Intervention de Jean-Marie Le Guen

Réunion du 2 décembre 2015 à 14h45
Loi de finances pour 2016 — Conseil et contrôle de l'état

Jean-Marie Le Guen, secrétaire d'État auprès du Premier ministre, chargé des relations avec le Parlement :

Monsieur le président, madame la présidente de la commission des finances, monsieur le rapporteur général, monsieur le rapporteur pour avis, mesdames, messieurs les sénateurs, je tiens, avant toute chose, à remercier l’ensemble des orateurs pour leurs interventions précises, riches et constructives.

Vous avez tous souligné la bonne gestion et la performance des quatre institutions dont les crédits relèvent de la mission « Conseil et contrôle de l’État ».

Ces institutions contribuent de manière significative au bon fonctionnement de l’État et de la démocratie.
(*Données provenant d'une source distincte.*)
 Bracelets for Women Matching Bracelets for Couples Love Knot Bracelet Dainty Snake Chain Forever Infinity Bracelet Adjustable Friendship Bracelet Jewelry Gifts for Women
C’est d’ailleurs la raison pour laquelle le Gouvernement a tenu à préserver leurs crédits, tout en renforçant, cette année encore, les moyens dévolus aux juridictions administratives, qui font face, comme vous l’avez souligné, à une pression contentieuse de plus en plus forte.
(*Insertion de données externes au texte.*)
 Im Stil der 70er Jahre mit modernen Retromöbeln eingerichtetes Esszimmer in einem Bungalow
Ces conditions budgétaires positives ont été soulignées tant par votre rapporteur général, M. Albéric de Montgolfier, que par votre rapporteur pour avis, M. Michel Delebarre. Et je me réjouis qu’en conséquence les deux commissions compétentes aient émis un avis favorable à l’adoption des crédits de la mission.
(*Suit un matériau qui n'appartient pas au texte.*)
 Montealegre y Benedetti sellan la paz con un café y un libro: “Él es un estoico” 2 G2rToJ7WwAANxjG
Toutefois, à l’écoute attentive de chacune de vos interventions, j’ai compris que des interrogations légitimes persistaient sur plusieurs sujets.

Les bonnes performances des institutions dont les crédits relèvent de la mission « Conseil et contrôle de l’État » et la préservation de leurs moyens budgétaires ne doivent pas nous exonérer d’une réflexion approfondie sur les tâches toujours plus nombreuses que le législateur leur confie. Je vais donc m’efforcer, dans le respect de l’indépendance des institutions concernées, d’apporter des réponses aussi claires que possible à vos interrogations.

Pour ce qui concerne les juridictions administratives, plusieurs orateurs ont souligné que le rythme de croissance des contentieux de masse risquait, à terme, de provoquer une dégradation des délais de jugement.

Pour illustrer mon propos, je rappellerai que les contentieux sociaux, qui comprennent notamment le contentieux du droit au logement opposable, le DALO, ou celui du revenu de solidarité active, le RSA, représentent 16 % des affaires enregistrées par les tribunaux administratifs. Par ailleurs, leur volume a augmenté de plus de 20 % dans la seule année 2014. L’activité de la Cour nationale du droit d’asile augmente elle aussi chaque année, à hauteur de 7 %.

La progression de ces contentieux appelle des réponses sérieuses et ambitieuses de la part du Gouvernement.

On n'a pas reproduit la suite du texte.